§ **Task**:
All lines from the one with "2008年65×65cm国画《夏风》陈学良——陈学良山水国画作品墨色遇" to the end of the data: return those exactly, and only those.

§ **Materials provided**:
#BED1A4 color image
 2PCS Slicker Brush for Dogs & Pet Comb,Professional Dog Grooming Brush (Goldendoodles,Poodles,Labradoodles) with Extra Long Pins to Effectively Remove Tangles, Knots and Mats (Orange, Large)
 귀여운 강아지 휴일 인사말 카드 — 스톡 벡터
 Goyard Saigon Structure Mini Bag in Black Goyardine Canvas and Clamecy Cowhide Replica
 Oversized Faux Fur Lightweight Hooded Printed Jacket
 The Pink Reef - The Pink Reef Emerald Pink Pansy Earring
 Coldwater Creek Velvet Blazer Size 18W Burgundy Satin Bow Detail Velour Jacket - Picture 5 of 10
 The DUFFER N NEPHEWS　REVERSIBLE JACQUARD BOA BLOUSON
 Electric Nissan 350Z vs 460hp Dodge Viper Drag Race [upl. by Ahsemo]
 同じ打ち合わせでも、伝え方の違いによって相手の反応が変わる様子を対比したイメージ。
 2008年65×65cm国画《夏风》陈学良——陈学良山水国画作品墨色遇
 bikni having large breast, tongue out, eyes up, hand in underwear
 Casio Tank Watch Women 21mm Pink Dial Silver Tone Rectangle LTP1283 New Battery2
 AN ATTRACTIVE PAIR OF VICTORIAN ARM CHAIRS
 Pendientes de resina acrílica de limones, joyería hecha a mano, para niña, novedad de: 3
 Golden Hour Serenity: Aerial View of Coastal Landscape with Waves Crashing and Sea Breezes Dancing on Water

§ **Answer for the task**:
 2008年65×65cm国画《夏风》陈学良——陈学良山水国画作品墨色遇
 bikni having large breast, tongue out, eyes up, hand in underwear
 Casio Tank Watch Women 21mm Pink Dial Silver Tone Rectangle LTP1283 New Battery2
 AN ATTRACTIVE PAIR OF VICTORIAN ARM CHAIRS
 Pendientes de resina acrílica de limones, joyería hecha a mano, para niña, novedad de: 3
 Golden Hour Serenity: Aerial View of Coastal Landscape with Waves Crashing and Sea Breezes Dancing on Water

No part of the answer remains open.